I am lead to believe that when most people are asked to picture a green apple - the Granny Smith appears in the bubble of their mind. This is the green apple that you find in stores from January to December, rain or shine. It is pretty much the only green apple you find in most grocery stores. Does that mean that it is the only green apple out there? You might see a few apples that may look greenish, a not as golden, Golden Delicious or even a Ginger Gold picked more green. America's supermarkets are basically void of green apples not named Granny. Does America have room for more than one green apple in their produce aisle? As it turns out the Granny Smith is not the only apple with a green skin. I have a few of it's similar colored cousins. What might be the biggest surprise of all to you is that at least one of them was super sweet. I am talking Gala-sweet here!

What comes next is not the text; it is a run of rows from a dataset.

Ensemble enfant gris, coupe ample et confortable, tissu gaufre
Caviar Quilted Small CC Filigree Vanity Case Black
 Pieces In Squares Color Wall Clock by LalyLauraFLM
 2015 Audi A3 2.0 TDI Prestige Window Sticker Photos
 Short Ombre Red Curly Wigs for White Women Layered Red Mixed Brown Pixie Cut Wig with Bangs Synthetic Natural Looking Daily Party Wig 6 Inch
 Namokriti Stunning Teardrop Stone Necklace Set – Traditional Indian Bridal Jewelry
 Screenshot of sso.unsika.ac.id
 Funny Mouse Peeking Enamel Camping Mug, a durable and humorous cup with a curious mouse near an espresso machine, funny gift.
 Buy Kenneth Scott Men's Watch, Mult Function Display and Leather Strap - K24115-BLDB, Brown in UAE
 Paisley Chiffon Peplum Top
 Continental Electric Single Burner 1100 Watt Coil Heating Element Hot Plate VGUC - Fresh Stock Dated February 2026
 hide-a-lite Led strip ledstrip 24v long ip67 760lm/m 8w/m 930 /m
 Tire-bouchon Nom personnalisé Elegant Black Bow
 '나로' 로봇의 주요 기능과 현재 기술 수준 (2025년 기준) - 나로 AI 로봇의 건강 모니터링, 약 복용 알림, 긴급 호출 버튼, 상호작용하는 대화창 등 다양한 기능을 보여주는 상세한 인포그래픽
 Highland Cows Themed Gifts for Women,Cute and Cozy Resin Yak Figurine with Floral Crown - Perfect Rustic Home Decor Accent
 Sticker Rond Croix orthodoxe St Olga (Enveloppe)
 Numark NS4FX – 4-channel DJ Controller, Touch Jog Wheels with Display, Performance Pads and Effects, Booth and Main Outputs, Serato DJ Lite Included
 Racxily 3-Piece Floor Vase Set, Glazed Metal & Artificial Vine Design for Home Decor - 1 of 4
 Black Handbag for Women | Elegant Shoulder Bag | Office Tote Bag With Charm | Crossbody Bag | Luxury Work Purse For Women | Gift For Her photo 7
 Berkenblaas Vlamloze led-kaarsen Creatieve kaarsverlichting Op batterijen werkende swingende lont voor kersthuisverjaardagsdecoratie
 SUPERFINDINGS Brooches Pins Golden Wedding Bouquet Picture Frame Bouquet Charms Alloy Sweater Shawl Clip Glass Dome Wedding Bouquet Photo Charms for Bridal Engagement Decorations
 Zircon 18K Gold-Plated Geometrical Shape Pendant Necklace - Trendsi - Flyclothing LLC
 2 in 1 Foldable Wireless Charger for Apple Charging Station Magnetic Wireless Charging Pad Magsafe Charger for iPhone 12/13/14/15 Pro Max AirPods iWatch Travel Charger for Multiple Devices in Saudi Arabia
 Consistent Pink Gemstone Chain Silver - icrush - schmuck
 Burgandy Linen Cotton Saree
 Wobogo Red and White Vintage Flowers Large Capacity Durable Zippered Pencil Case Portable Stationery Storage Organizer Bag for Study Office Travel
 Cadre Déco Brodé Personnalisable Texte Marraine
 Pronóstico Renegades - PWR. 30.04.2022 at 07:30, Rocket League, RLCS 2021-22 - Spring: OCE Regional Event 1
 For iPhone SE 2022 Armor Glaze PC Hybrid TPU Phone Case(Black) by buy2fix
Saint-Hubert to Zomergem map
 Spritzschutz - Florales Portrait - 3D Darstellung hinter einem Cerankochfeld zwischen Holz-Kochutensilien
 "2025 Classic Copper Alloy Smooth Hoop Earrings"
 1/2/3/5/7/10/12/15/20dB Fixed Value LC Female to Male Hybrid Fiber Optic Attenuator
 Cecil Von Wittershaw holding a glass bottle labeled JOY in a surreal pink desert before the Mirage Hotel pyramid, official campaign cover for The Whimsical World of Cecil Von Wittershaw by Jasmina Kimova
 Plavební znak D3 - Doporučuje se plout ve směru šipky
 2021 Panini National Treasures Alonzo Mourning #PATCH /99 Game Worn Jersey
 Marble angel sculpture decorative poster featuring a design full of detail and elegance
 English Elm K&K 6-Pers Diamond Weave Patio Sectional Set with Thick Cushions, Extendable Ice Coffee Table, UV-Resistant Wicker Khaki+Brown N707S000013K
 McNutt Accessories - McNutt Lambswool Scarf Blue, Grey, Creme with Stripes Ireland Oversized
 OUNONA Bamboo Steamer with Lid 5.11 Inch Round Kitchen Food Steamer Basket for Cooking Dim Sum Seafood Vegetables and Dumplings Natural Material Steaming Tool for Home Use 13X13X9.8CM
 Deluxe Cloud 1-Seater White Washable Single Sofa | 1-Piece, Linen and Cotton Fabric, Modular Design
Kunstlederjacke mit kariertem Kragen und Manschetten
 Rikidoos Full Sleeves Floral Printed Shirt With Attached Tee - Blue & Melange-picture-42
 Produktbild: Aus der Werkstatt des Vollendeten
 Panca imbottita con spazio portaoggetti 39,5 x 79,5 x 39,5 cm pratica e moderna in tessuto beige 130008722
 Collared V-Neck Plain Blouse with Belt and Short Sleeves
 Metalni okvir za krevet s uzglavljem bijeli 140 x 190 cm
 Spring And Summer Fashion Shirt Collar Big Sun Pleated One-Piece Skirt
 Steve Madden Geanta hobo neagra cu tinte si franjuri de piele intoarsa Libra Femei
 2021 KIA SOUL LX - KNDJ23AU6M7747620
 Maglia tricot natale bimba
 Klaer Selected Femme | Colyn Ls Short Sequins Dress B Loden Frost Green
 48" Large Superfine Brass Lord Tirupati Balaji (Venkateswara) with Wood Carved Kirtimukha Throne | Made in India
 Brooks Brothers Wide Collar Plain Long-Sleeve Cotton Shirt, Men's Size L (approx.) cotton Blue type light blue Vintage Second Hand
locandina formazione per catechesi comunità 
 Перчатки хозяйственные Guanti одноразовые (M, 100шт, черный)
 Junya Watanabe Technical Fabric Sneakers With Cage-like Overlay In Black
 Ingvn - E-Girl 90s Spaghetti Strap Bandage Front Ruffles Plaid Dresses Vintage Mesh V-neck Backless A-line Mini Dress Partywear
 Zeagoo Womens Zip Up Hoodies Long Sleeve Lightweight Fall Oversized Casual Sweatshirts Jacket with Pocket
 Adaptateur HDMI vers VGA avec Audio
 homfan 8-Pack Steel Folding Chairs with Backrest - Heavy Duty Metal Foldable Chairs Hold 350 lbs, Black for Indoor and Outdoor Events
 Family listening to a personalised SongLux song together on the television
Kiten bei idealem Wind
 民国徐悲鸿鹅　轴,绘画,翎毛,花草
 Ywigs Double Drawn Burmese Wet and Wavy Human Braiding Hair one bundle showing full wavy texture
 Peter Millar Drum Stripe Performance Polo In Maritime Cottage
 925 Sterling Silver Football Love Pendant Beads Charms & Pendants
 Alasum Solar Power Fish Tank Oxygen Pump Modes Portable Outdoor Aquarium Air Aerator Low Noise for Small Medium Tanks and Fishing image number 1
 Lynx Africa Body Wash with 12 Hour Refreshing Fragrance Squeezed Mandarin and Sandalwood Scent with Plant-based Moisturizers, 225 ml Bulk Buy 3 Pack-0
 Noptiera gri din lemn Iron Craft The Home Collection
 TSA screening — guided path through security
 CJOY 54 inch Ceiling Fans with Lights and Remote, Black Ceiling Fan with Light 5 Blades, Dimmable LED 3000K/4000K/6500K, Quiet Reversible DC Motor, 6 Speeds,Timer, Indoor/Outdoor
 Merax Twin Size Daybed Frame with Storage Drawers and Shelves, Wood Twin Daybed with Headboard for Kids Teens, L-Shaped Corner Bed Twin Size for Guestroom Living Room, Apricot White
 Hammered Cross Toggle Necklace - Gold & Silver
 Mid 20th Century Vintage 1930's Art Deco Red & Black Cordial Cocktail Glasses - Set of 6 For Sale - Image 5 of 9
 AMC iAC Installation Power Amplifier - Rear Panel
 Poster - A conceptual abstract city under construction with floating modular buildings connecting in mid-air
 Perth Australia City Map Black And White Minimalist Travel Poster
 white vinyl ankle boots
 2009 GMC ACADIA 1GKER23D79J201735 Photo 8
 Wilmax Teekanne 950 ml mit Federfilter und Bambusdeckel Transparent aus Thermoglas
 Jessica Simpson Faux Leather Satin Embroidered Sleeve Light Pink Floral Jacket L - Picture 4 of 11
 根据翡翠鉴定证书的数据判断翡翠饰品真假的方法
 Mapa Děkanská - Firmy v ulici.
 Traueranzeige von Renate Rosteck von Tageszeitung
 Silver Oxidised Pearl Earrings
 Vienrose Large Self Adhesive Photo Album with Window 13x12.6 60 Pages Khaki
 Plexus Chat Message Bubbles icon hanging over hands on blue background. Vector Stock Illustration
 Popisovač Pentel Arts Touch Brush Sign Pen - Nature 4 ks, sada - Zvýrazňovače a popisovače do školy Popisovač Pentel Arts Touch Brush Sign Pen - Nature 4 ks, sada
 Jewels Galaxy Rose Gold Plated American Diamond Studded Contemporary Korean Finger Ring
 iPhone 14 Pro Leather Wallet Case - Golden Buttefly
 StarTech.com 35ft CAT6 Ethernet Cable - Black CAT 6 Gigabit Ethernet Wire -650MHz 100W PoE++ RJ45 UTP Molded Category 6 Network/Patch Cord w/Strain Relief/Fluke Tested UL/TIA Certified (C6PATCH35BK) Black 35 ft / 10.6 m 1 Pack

If there was ever an apple that proved to me that not all green apples are tart, it was the Green Dragon apple. This is an extremely sweet apple with the really sweet name has hardly any tartness to it all. It has a tropical like pear flavor if that makes any sense! Very juicy and refreshing. It is distributed by Frieda's Produce. It's one worth seeking out, if not to just trick your friends.
Now this apple that dates back to the 1600s, is very much what you would think in a green apple. It's quite tart. I don't like eating these out of hand, however I absolutely love them for cooking or baking with. When cooked their flavor really shines, I would reach for these over a Granny anyday. They can be hard to find. I search them out every autumn.
Northwest Greening Apples
Another apple with the greening name. This one is not quite as tart as the Rhode Island Greening, so out of hand eating is an option. Reviews I have read of this apple say that it is a good cooking apple.
I have only had these apples once a couple years ago. In my experience this apple was sweet-tart and not all that crisp. Other reviews online seem to say that it is a crisp apple maybe I just got one that was past it's prime. The apple has a McIntosh-like flavor. It is in fact a cross between a McIntosh and a Golden Delicious.
The interesting thing about this apple is that is was developed as an alternative to Granny Smith in climates where it's hard to grow Granny Smith. Grannies are a late season apple - they need a long growing season, which isn't possible in areas like New England.